What impresses me is the degree to which you can use architecture to shape society. You can design a building so that it engourages socialization or so that residents never meet each other. You can alter the temperament of a city by opting for wide boulevards instead of small arabic-style sokaks.
Arcology has social engineering written all over it too.
Originally posted by Az
Oh no. The idea is very human - if you're talking about colonies on small planets/moons/no breathable atmosphere.
But this has no place on earth.
It depends on how many people there is and how much land we want to pave with cement.
I think there is some optimal height for buildings for maximising energy efficiency, so making buildings too tall will have the opposite effect (takes a lot of energy to make people, water, and things up).
(\__/) 07/07/1937 - Never forget
(='.'=) "Claims demand evidence; extraordinary claims demand extraordinary evidence." -- Carl Sagan
(")_(") "Starting the fire from within."
Originally posted by VetLegion
If there is a need to tear down a building in a city to make a park, it's trivial to do it.
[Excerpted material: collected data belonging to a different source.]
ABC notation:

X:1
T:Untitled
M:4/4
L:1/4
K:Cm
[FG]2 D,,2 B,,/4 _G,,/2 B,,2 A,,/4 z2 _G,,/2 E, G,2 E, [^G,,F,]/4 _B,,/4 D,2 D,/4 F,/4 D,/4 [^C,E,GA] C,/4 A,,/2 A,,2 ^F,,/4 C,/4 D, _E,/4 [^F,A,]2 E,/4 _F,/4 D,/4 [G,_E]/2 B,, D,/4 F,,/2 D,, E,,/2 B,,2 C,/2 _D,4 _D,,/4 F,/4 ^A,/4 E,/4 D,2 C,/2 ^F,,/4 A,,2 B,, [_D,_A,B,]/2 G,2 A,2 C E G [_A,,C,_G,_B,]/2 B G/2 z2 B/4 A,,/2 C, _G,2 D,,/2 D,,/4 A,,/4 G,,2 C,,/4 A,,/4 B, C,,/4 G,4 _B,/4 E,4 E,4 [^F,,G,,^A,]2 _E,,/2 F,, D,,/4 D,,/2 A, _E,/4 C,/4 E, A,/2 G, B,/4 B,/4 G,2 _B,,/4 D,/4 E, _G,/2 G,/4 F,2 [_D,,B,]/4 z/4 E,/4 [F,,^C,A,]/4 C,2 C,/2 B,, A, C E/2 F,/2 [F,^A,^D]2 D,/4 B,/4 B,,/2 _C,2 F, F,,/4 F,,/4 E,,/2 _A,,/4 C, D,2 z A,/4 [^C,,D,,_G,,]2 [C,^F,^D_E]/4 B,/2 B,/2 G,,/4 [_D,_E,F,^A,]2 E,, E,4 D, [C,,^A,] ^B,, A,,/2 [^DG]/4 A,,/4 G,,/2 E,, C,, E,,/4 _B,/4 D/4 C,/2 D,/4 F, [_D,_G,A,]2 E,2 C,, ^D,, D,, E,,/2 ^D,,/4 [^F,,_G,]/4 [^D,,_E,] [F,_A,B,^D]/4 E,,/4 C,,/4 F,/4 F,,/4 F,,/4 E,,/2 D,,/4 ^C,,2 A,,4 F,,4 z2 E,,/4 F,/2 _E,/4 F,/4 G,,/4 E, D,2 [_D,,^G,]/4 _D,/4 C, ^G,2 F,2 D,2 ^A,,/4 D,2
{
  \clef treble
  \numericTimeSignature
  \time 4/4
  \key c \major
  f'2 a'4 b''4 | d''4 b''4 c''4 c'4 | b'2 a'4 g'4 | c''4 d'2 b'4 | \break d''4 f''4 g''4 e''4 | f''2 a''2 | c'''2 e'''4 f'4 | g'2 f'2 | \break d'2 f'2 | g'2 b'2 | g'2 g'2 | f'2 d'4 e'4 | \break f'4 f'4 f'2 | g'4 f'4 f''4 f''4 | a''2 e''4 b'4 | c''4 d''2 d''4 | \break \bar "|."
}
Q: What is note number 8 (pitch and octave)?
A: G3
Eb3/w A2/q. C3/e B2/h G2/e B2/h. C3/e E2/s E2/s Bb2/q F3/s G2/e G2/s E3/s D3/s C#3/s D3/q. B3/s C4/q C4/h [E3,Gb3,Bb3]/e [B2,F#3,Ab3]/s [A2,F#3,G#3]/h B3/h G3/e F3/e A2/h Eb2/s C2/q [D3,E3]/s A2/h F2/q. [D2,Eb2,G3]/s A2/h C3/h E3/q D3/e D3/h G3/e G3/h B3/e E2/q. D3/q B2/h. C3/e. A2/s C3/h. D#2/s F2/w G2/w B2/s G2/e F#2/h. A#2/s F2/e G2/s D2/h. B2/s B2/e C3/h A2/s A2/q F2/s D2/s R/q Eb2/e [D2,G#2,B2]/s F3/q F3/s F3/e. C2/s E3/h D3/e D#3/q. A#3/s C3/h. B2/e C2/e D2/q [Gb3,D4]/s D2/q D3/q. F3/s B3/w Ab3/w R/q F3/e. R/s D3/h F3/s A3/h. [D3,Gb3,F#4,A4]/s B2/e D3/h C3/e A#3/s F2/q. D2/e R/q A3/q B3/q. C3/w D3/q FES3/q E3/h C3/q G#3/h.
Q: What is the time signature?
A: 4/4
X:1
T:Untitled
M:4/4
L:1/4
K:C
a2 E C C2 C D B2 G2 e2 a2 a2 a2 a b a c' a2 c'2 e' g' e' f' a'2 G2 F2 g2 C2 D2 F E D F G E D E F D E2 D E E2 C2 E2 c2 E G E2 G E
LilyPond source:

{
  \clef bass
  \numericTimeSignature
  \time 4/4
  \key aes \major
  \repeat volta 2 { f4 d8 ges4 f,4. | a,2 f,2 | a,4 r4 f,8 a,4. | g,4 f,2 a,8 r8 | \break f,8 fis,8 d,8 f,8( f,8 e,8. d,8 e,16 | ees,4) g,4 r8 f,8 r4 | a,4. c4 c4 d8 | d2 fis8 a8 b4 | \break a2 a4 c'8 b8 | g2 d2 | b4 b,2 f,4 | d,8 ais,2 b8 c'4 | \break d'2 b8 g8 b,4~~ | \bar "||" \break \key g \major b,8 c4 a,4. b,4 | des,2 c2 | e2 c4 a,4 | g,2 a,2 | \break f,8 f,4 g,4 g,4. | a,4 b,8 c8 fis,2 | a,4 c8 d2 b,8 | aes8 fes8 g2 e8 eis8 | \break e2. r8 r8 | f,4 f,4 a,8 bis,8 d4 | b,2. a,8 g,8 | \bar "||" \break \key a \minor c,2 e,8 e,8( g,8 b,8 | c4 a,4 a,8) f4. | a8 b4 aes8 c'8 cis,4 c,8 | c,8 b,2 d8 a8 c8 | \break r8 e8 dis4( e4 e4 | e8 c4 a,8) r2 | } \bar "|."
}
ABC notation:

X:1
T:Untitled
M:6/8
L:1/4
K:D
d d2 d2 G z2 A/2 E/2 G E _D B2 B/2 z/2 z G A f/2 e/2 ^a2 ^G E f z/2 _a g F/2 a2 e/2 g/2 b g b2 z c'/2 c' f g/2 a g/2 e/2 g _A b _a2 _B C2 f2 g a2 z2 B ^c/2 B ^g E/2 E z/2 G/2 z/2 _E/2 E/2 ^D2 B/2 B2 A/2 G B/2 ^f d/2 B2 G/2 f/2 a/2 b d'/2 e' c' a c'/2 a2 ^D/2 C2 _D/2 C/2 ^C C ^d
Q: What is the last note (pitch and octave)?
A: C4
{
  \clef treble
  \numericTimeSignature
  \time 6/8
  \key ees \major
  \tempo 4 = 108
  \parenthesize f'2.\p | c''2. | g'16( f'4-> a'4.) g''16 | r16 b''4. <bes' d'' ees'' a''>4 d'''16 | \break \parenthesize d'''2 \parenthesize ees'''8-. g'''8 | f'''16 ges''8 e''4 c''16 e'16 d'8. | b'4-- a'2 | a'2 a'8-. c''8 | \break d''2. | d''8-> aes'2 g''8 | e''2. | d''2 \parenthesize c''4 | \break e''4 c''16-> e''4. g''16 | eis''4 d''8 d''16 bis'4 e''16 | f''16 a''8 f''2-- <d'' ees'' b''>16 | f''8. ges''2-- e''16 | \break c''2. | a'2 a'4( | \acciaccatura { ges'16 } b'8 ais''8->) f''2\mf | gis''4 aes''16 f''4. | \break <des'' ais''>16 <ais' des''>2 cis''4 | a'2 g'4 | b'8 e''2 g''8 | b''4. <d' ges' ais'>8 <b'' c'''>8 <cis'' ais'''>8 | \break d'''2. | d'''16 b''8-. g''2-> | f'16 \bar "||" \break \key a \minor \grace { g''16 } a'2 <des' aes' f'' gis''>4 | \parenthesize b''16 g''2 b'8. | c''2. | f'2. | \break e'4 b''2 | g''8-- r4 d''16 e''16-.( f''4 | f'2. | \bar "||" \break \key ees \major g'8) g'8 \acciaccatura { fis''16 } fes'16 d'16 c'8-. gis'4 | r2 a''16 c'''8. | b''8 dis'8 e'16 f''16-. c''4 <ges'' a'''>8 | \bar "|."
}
Same with building a parking lot over a park.
But in an Arcology, once built, you can't change parts just like that, as the whole structure can collapse to the ground if you want to, say, make the 56th floor a floor without pillars, just for fun. After an Arcology is built, you're much more limited in reconstruction options than you are with 2D cities.
There really is nothing in an acrology that forbids you from changing the use of a particular floor as long as you obey the laws of physics.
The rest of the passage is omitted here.